The Lockdown Tower è un film del 2022, diretto da Guillaume Nicloux.

Se per Kathryn Bigelow Il buio si avvicina, per quel nichilista di Guillaume Nicloux l’oscurità è già tra noi, pronta a mozzicare e smembrare come il peggiore dei babau. Ed è appunto una sovrannaturale e decisamente mortifera darkness quella che sembra avvolgere, così dal nulla, il fatiscente caseggiato Ai confini della realtà nel quale il brulicante e multietnico formicaio umano di The Lockdown Tower si trova a destarsi un bel mattino.
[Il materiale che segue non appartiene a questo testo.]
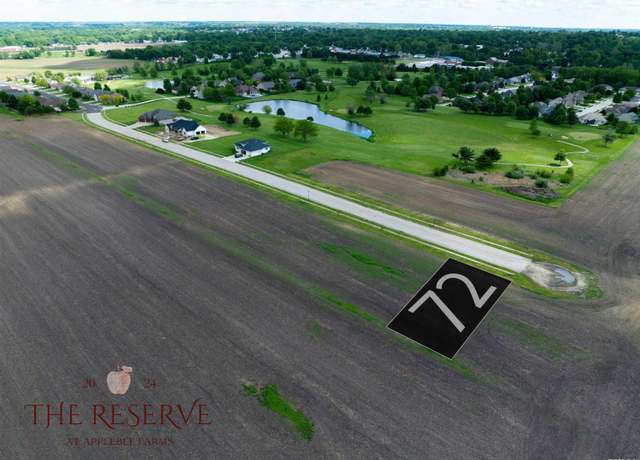 Property at 72 Applebee Farms Dr, Jacksonville, IL 62650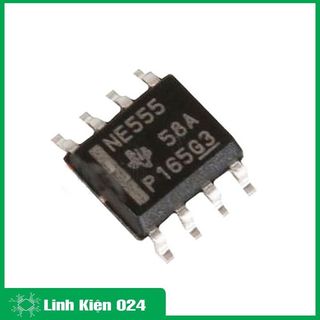 Linh kiện NE555 SOP-8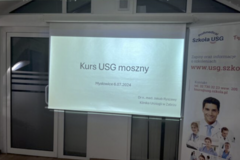 Kurs: USG w urologii – moszna i prącie (kurs specjalistyczny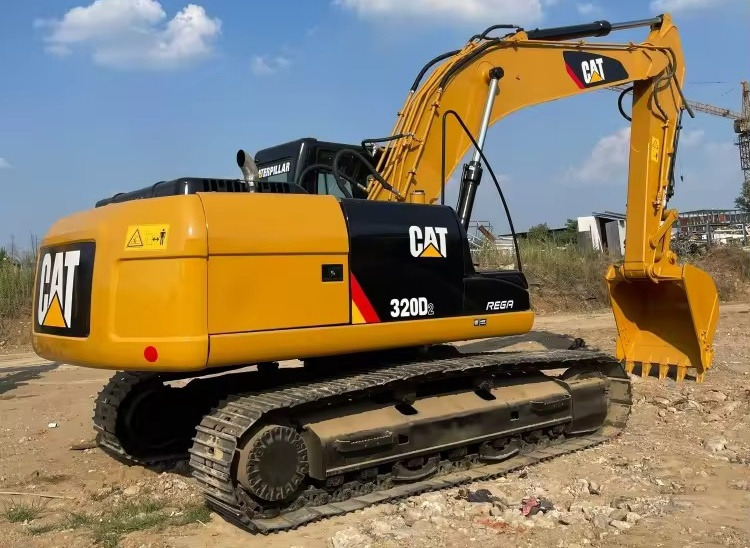 CATERPILLAR heavy Excavator CAT 320d Original US Used CAT 320d Excavator 20Tons Excavator CAT320C 320D 320d2 on sale - Crawler excavator: picture 2 CATERPILLAR heavy Excavator CAT 320d Original US Used CAT 320d Excavator 20Tons Excavator CAT320C 320D 320d2 on sale - Crawler excavator: picture 2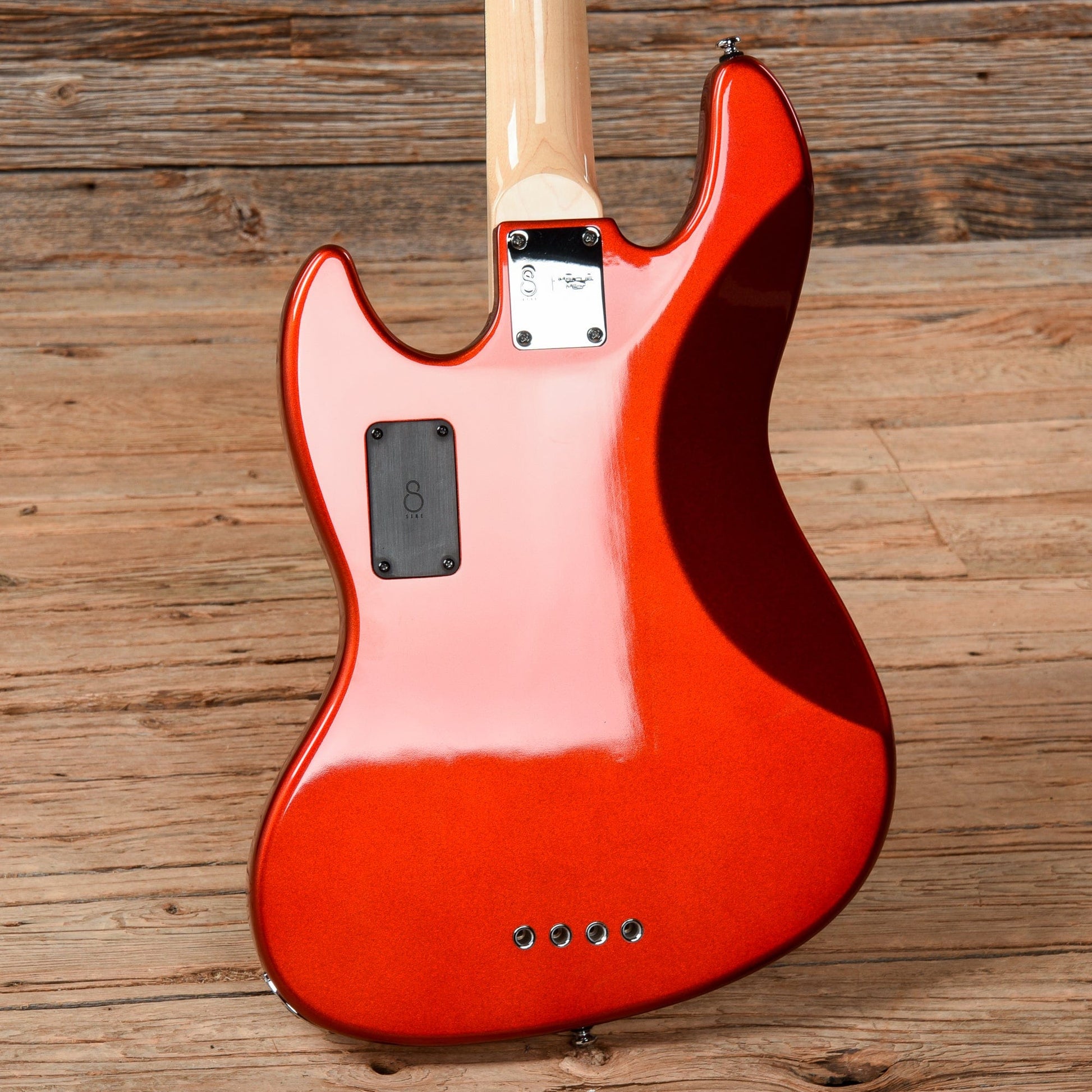 Sire 2nd Generation Marcus Miller V7 Vintage Bright Metallic Red 2021 Bass Guitars / 4-String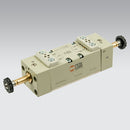 Iso 1 In-Line 5/2 Sol/Sol - 7053021200 | Metal Work Pneumatic Online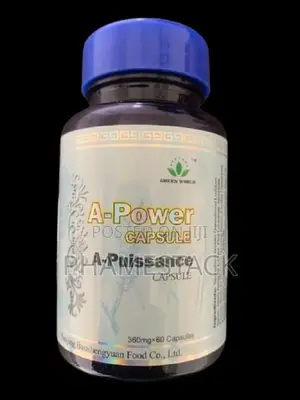 Greenworld a- Power Capsule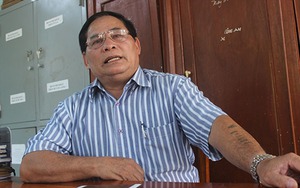 Nguyên Bí thư Huyện ủy Sơn Tây, Quảng Ngãi nhận kỷ luật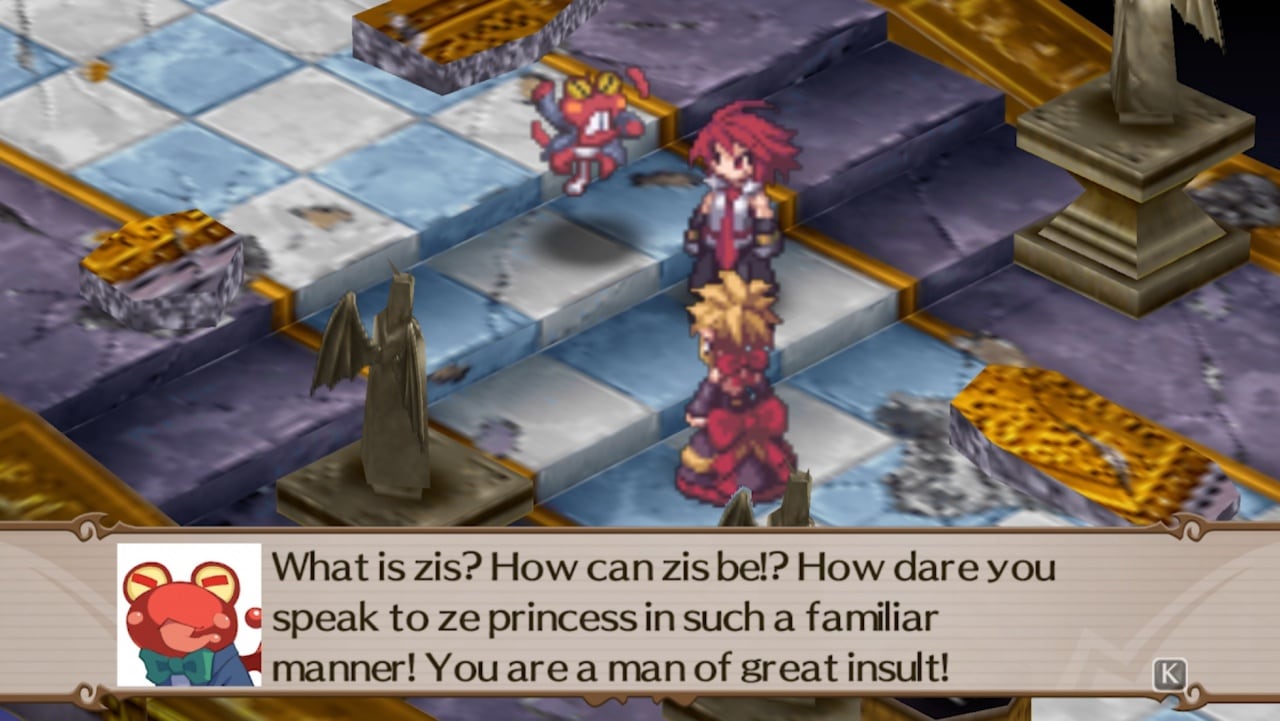 Disgaea 2 PC - скриншот 10
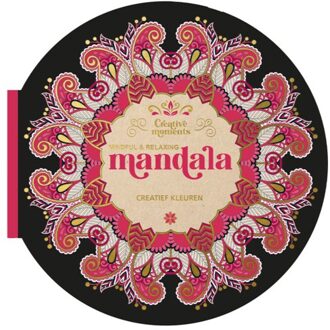 Mindful & Relaxing Mandala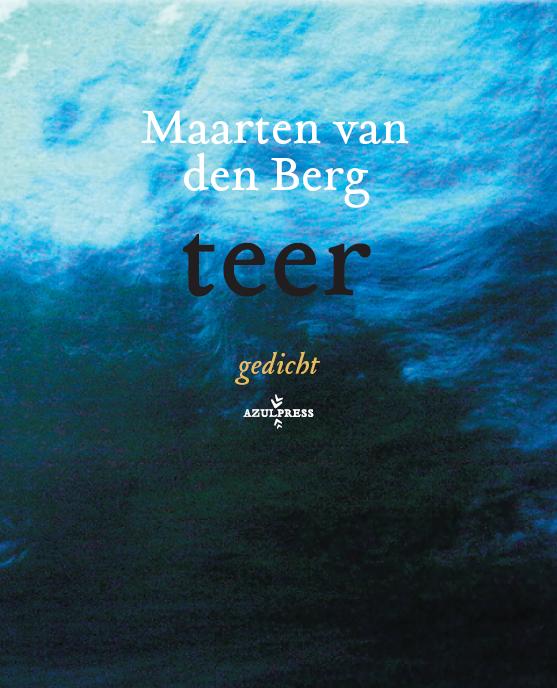 Omslag van Teer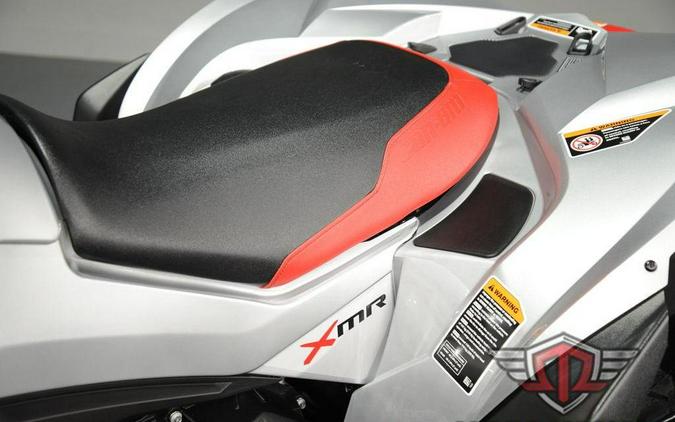 2026 Can-Am Renegade X mr 1000 R Hyper Silver & Legion Red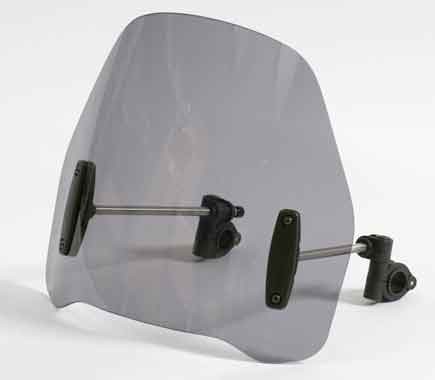 MRA Roadshield Yamaha DT 135 R / RE / X, MT-01 / MT-03, SR-125 / 500, TT 600 E/S, V-Max, YBR 125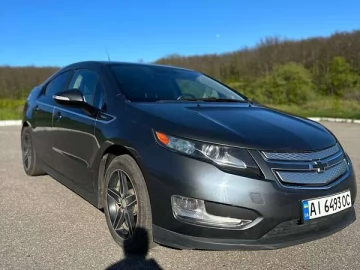 Авто Chevrolet Volt 2012 № 7417884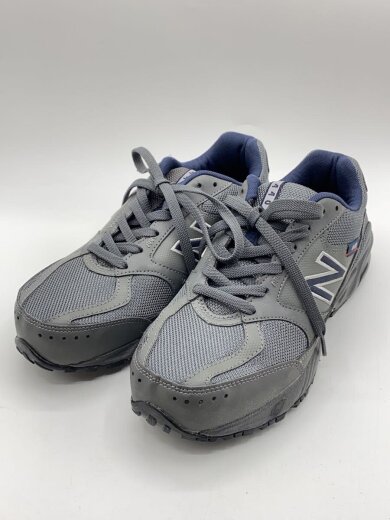 商品画像：ローカットスニーカー/25cm/GRY/M440GY2 2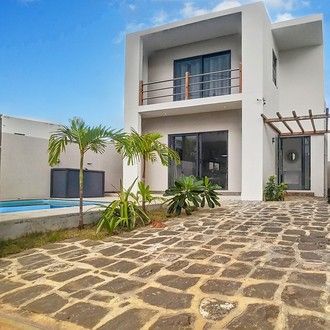 Maison Sottise, Grand Baie VENDUE par DECORDIER immobilier Mauritius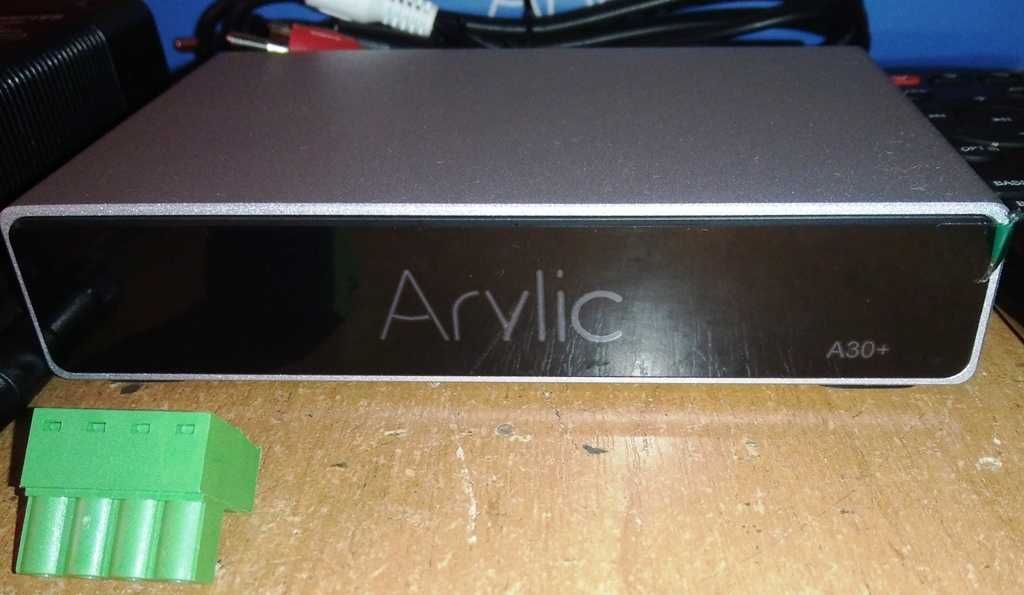 Аrylic A30+ WiFi mini stereo amplifier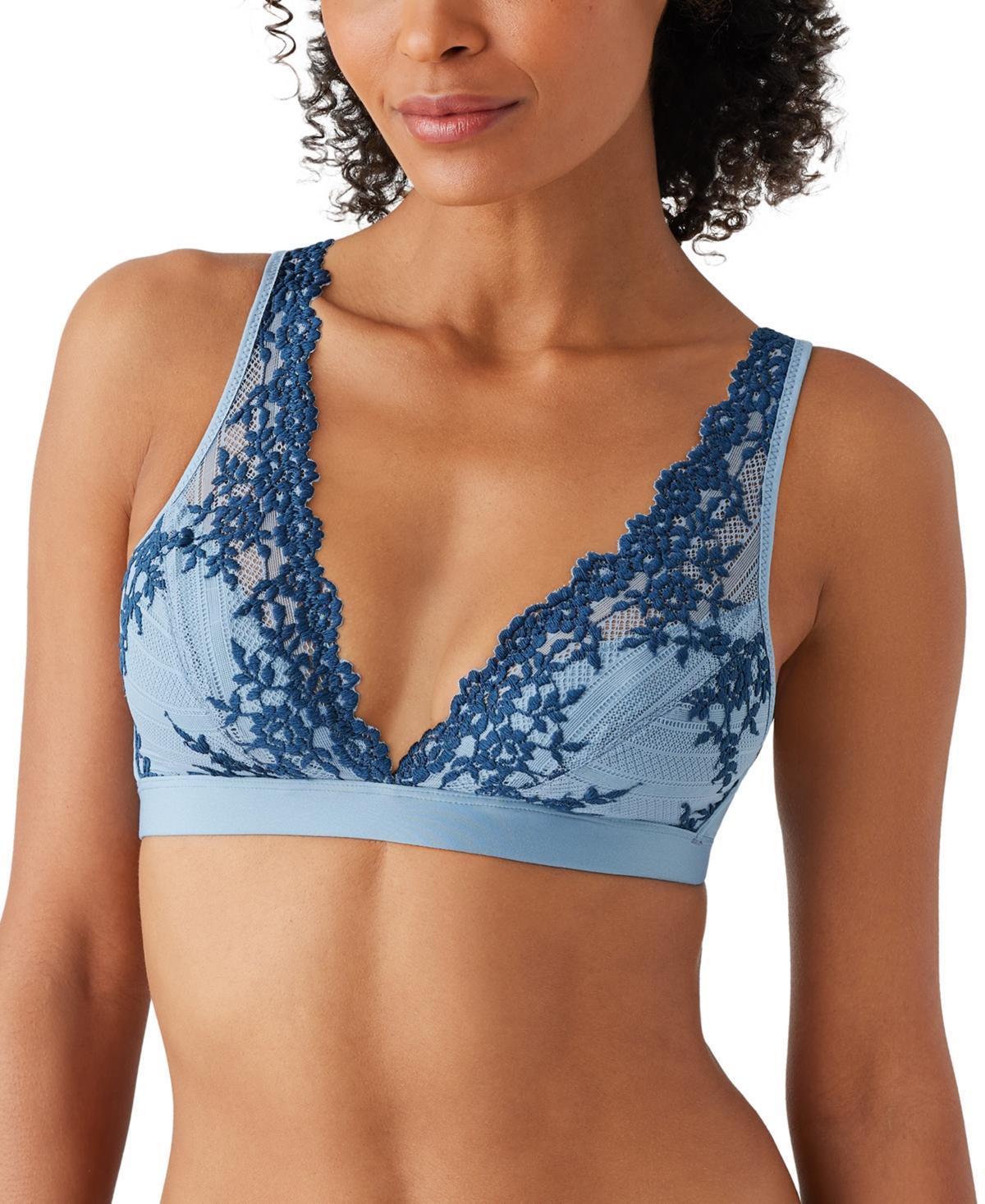 Wacoal Embrace Lace Soft Cup Wireless Bra Lingerie 852191 Product Image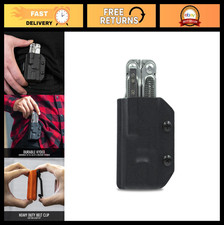 Kydex Multitool Sheath for EDC Multi-Tool Holder - Made in USA, Holster Cover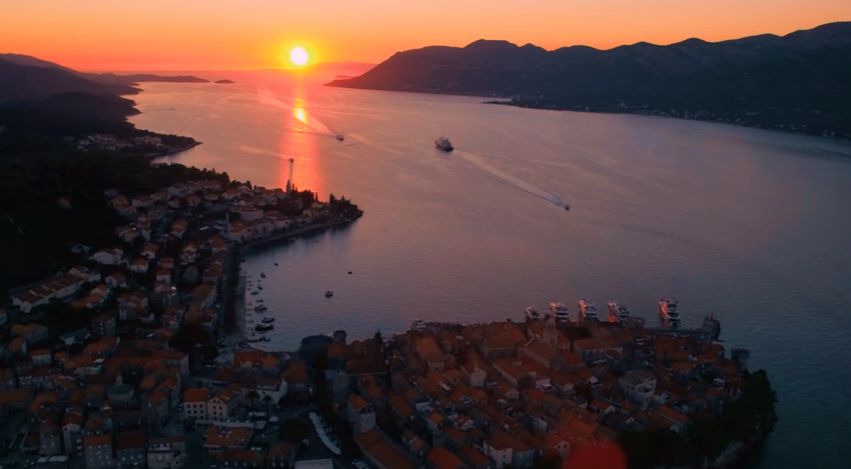 [VIDEO] Korčula – This Video will Make you Want to Relocate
Un cinico Condominium di ballardiana memoria: un pulsante organismo vivente le cui stranite e inermi cellule, poste dinnanzi al divino (o satanico) fatto compiuto, senza più il supporto della rassicurante tecnologia si troveranno costrette ad imbracciare armi e rancore per combattere, ciascuna a modo proprio, l’apocalittica Tenebra che tutto ingoia ed oblia come nell’andersoniano Vanishing on 7th Street. Ma giorno dopo giorno, mese dopo mese, anno dopo anno, contro il Nulla che impera e dilaga al di là di porte e finestre non c’è fronte comune che tenga; soprattutto quando l’affamato spettro dell’homo homini lupus, nutrito a stento con quel poco di pane e diffidenza ancora disponibili, finirà per farsi strada nell’inaridito cuoricino di un’umanità ormai regredita al più laido stato di natura.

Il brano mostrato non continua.